Is there a lab that does DNA testing for Chondrodysplasia? I have checked vetgen and optigen.............. unless it's the factor eight that vet gen mentions - I have emailed them asking but haven't heard back yet. I have a pet havanese that is presenting with bowed front legs - he is 16 months old. I am wondering if it's nutritional or genetic......... or what.


----------



## Karen Collins (Mar 21, 2013)

Chondrodysplasia isn't really a disease. Its more of a genetic health condition with a predictable group of symptoms. Due to their long bodies and short legs Havanese can become dwarfs with careless breeding. Some of the tell tale signs are early cataracts, heart defects, joint deformation. Just because your Hav has bowed front legs doesn't mean he will be sick or deformed. It may never go beyond that. Just watch for joint pain and stiffness, and have his heart listened to during well check-ups at your vet. It only really matters if you were breeding or if it were very severe and your very young dog started having multiple health issues. I'm sure your little pup is just fine.


----------



## sandypaws (Aug 8, 2012)

Karen's explanation is right on! Tyler has bowed front legs and at 16 1/2 years old, he's never had any health issues attributed to the defect. He's been a very, very healthy dog. In fact, when he tore his ACL in August, I was told that he would develop arthritis in that joint and would probably have to take Rimadyl for the rest of his life. Well, so far that hasn't happened. He shows no stiffness or lameness in that or any other joint. I have had him on Cosequin DS for about 4-5 years now and perhaps that's what has helped him not develop any stiffness. The vet was happy and amazed. He does have compromised vision now, but that is age related and he does have a slight heart murmur which was first noticed about 3 years ago or so just before having his teeth cleaned. It has not impaired him in any way. He can still RLH and never has any symptoms. Hope my experience helps relieve you a bit.


----------



## Tom King (Aug 2, 2006)

There is no DNA test for it yet, but they do know what genes cause it. No one has come up with the funding to develop the test for it. Do a Google search for "canine FGF4 retrogene" and you should find information on it. It's caused by a doubling up of that gene.

Havanese with larger bones will have some curvature to the front legs just because they need it for the legs to be able to twist. That's different than dwarfism (really the same thing as CD), and shouldn't cause any problems.
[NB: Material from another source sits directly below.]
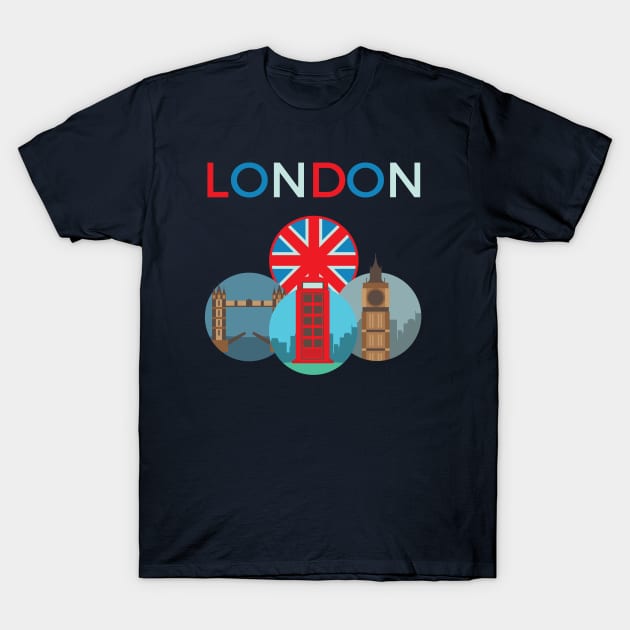 London Landmarks T-Shirt by superdupertees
CD is pretty severe, and not the same thing as the normal curvature in the heavier bones.


----------



## krandall (Jun 11, 2009)

A DNA test may not beTOO far off, though&#8230; They have identified the gene in two dog breeds:

http://www.sciencedaily.com/releases/2013/09/130926102429.htm

It is also not something that is specific to long backed/short legged dog breeds. It is seen in both Malamutes and GSD's for sure&#8230; I am sure there are other breeds too.
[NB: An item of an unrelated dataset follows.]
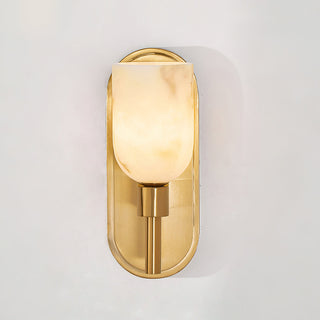 Caldwell Alabaster Brass Wall Sconce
Then there are the breeds where it is part of the breed standard, like Dachshunds and Bassett Hounds. Although, I believe that in these breeds, it is not normally found with the "constellation" of problems (heart, eyes, liver) that can be seen in the severe cases of CD in breeds that SHOULDN'T be built like that.

Here are a couple of photos off Google of dogs with CD from other breeds. I think these dogs get IMMEDIATELY culled from any breeding program (probably even puppy mills) because it is SO obvious without all that fluffy hair to hide it!


----------



## Pamela Rolla (Mar 26, 2012)

Thank you for all the in-put  my little man is neutered so no risk of passing this on regardless the exact nature of it. It's funny, his sister is GR CH so I know her legs have to be straight - just says each pup is an individual in it's own right. I have got to say his front end does look a lot like those pictured, maybe not quite as pronounced as some - but in that range for sure. It doesn't seem to effect his ability to be a true happy havanese  he romps and plays as hard and as long as any. I was curious for future preparedness - he will always be with us and cared for like the fur baby he is. Thanks again


----------



## Karen Collins (Mar 21, 2013)

Pamela Rolla said:


> It's funny, his sister is GR CH so I know her legs have to be straight -


Not so&#8230;judges put up Havs everyday with bowed legs. Hence, the split in Havana Silk Dogs and Havanese.


----------



## Tom King (Aug 2, 2006)

Actually, there are many Champions with bowed legs. The Toy ring is a lot different than some of the other groups. 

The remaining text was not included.